É possível não ser solidário com as ruas de Paris?
É preciso escutar o mundo e encará-lo, neste momento, como uma transformação global que é preciso fazer a todo o instante. São tempos de apreensão, mas também de desafio. Oxalá consigamos estar à altura deles.
Demasiado violentos. Sem agenda política consistente. Ao serviço de interesses da extrema-direita. Organizados no novo demónio comunicacional, as redes sociais. Tudo do piorio. Foi assim que parte das elites, dos meios de comunicação e dos políticos, foi enquadrando o movimento francês dos ‘coletes amarelos’.

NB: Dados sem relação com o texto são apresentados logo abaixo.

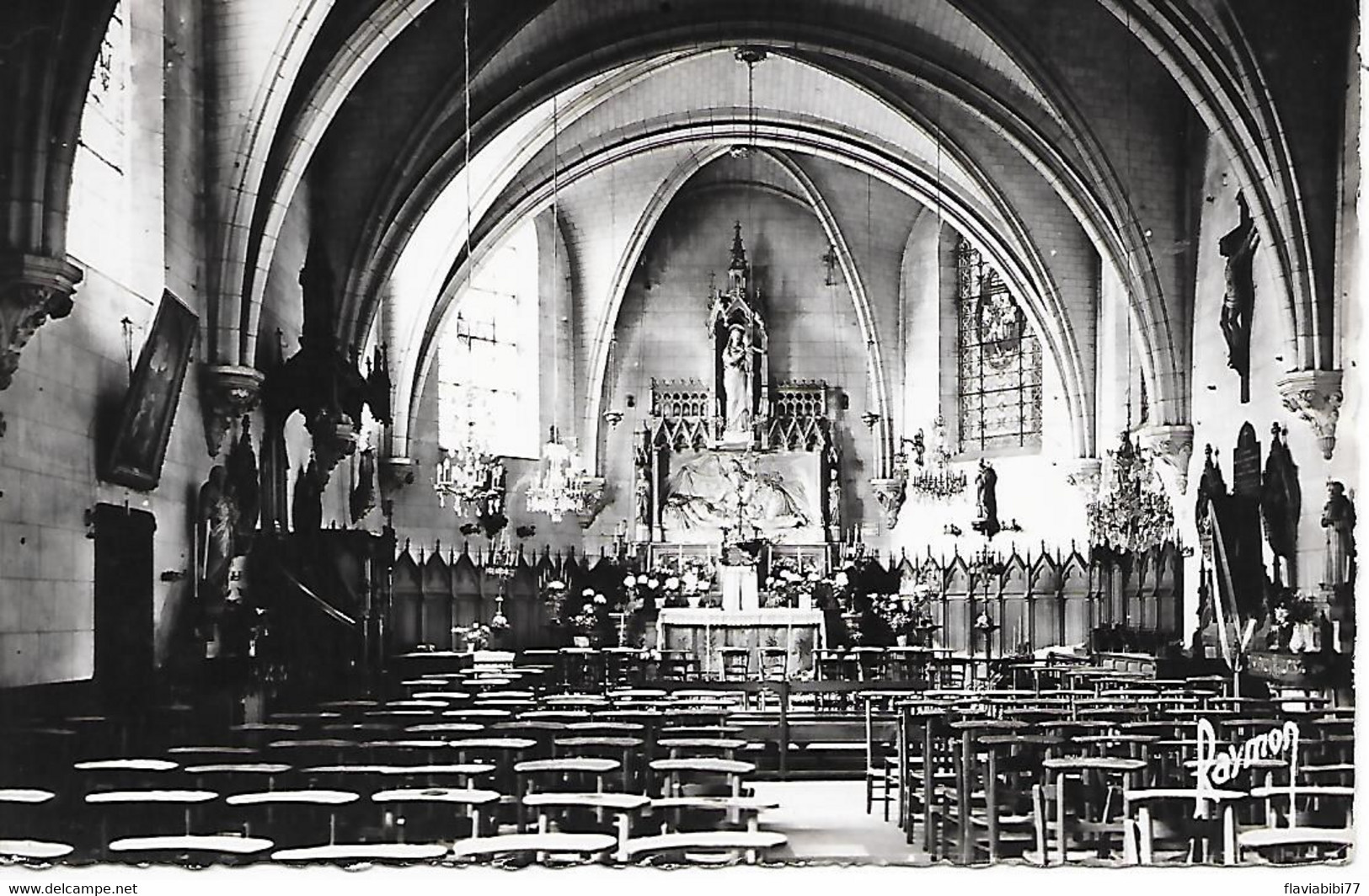 LE MEE-SUR-SEINE - ( 77 ) - Intérieur De L'église    ( C.P.S.M - Pt -Ft ) - Le Mee Sur Seine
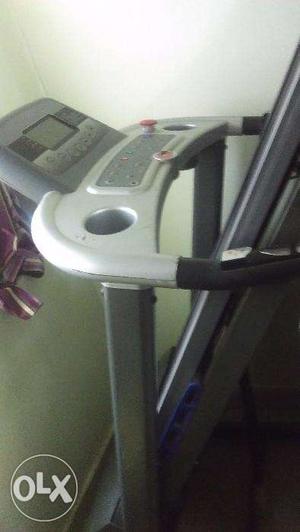 2HP motorized treadmill,fully atomatic,excellent condition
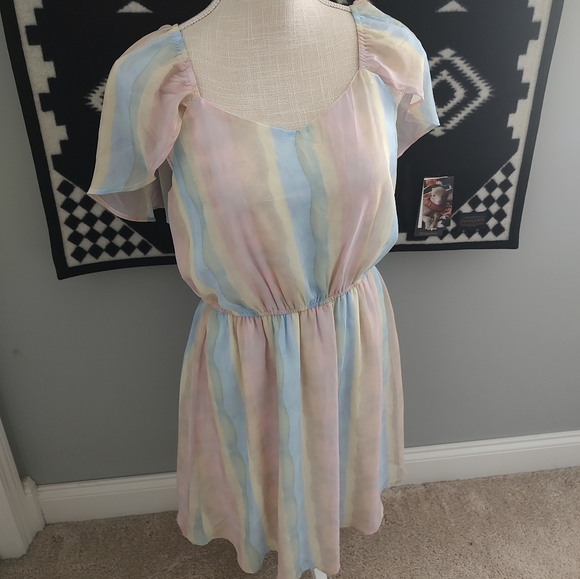 💐NWT Andree by Unit Pastel Rainbow Midi Flowy Sleeve Dress, Medium - Picture 2 of 9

O que espanta é que não tenha havido por essa Europa mais agitações análogas na última década. Quer dizer, até houve, por exemplo na Grécia, alvo dos mesmos cortes sociais como aconteceu agora em França, daí que a insurreição grega tenha sido anulada não se fosse propagar. Vamos a ver como é que a mesma Europa vai gerir esta situação. As medidas anunciadas segunda-feira por Macron poderão adormecer consciências, mas só mesmo quem não quer ver é que não percebe que aquilo que aconteceu não foi circunstancial. E não é apenas em França. O que se passa ali, de maneira mais ou menos difusa, sente-se por essa Europa fora.
Inclusive em Portugal, esse país que por vezes parece europeu e outras vezes perdido noutra galáxia. O bom desempenho da coligação de esquerda à frente do governo sugere que estamos em contraciclo ao que sucede em França, mas não tenhamos ilusões: o mal-estar é estrutural, não conjuntural. E António Costa sabe-o. É por isso que tem reafirmado que numa Europa interdependente a única saída para a complexidade do que se vive é europeia.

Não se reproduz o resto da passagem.